Web page caption snippets:
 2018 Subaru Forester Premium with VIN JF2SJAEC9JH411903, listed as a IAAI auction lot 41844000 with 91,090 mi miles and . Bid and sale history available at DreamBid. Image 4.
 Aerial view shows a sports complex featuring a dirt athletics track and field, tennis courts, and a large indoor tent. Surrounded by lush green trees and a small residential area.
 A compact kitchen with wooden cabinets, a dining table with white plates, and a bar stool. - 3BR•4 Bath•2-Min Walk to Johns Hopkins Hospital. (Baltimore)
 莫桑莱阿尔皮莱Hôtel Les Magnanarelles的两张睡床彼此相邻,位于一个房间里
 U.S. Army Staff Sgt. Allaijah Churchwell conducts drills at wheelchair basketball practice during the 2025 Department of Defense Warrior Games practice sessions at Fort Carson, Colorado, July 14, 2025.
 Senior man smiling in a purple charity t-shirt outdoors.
...
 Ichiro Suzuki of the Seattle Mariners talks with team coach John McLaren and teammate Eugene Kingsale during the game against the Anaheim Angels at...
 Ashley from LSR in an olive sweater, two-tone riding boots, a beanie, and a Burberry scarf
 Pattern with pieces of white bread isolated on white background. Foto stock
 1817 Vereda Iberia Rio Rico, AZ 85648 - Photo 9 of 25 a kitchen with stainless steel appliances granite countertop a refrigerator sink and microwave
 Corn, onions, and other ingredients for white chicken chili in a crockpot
--
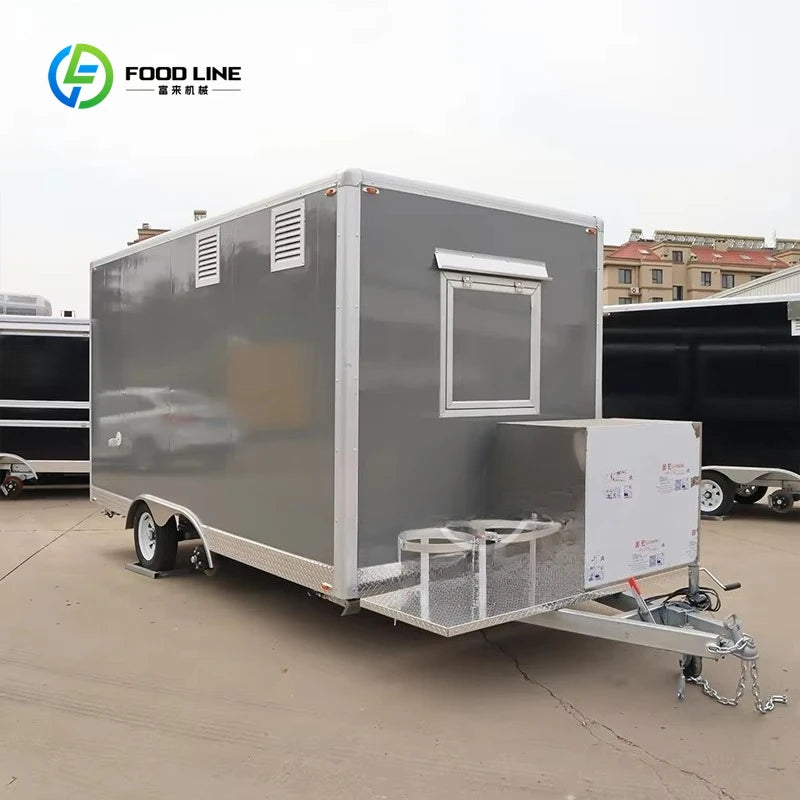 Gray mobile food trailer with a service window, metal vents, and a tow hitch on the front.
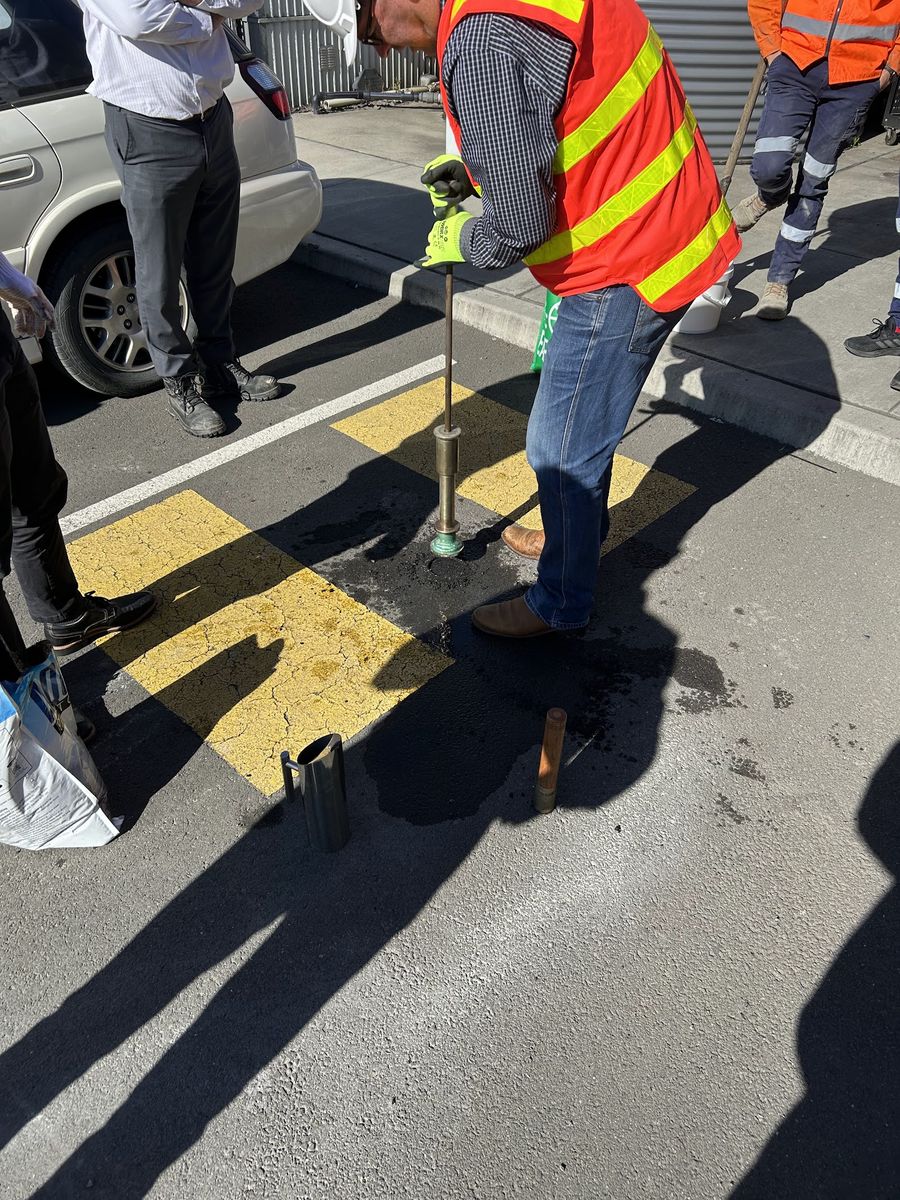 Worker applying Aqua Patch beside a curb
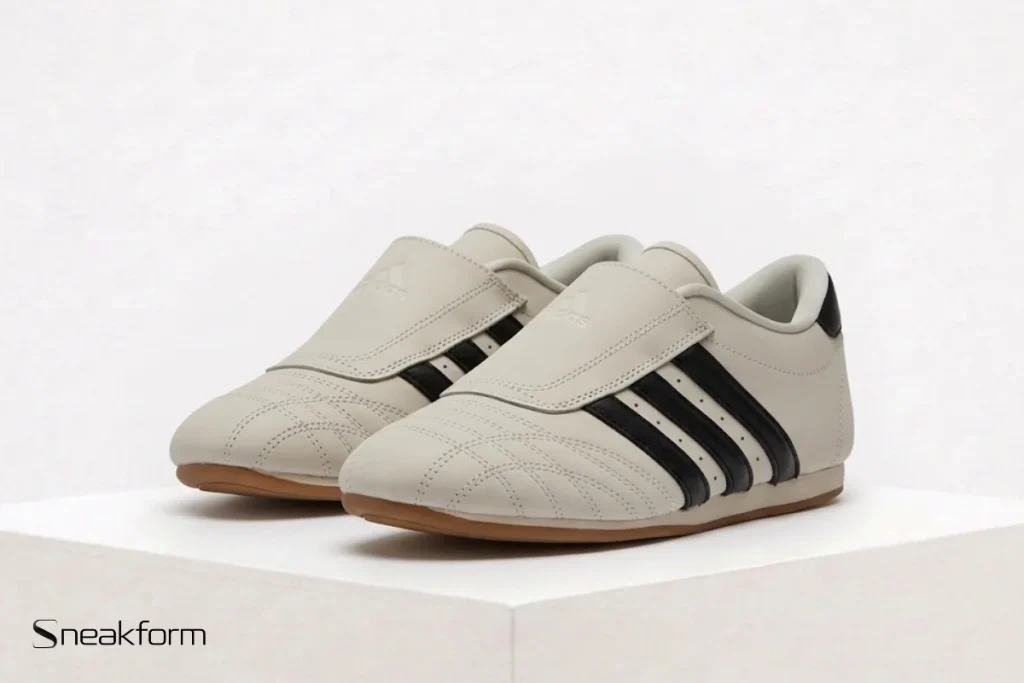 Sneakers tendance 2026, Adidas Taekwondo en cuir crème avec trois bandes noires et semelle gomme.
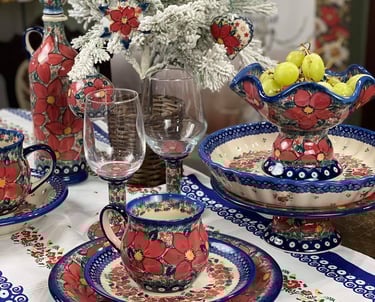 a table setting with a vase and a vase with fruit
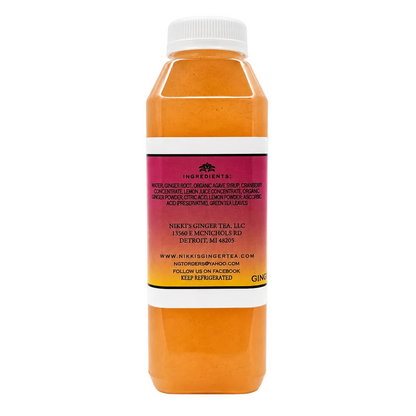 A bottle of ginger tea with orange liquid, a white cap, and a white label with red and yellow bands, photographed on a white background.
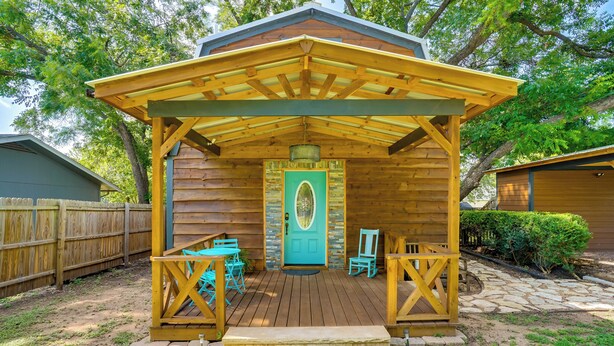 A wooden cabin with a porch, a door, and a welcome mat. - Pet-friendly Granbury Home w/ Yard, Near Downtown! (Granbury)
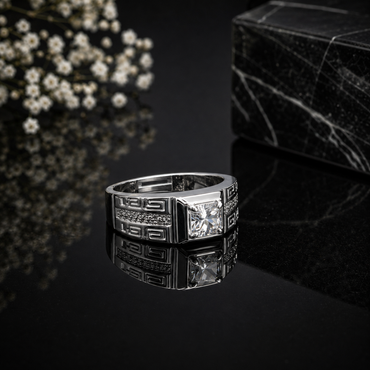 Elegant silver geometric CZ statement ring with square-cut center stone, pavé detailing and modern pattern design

▶ The task
Reproduce exactly the entries above, limited to the lines from the one with "2018 Subaru Forester" through the one with "Senior man smiling", both included.

▶ Finished exercise
 2018 Subaru Forester Premium with VIN JF2SJAEC9JH411903, listed as a IAAI auction lot 41844000 with 91,090 mi miles and . Bid and sale history available at DreamBid. Image 4.
 Aerial view shows a sports complex featuring a dirt athletics track and field, tennis courts, and a large indoor tent. Surrounded by lush green trees and a small residential area.
 A compact kitchen with wooden cabinets, a dining table with white plates, and a bar stool. - 3BR•4 Bath•2-Min Walk to Johns Hopkins Hospital. (Baltimore)
 莫桑莱阿尔皮莱Hôtel Les Magnanarelles的两张睡床彼此相邻,位于一个房间里
 U.S. Army Staff Sgt. Allaijah Churchwell conducts drills at wheelchair basketball practice during the 2025 Department of Defense Warrior Games practice sessions at Fort Carson, Colorado, July 14, 2025.
 Senior man smiling in a purple charity t-shirt outdoors.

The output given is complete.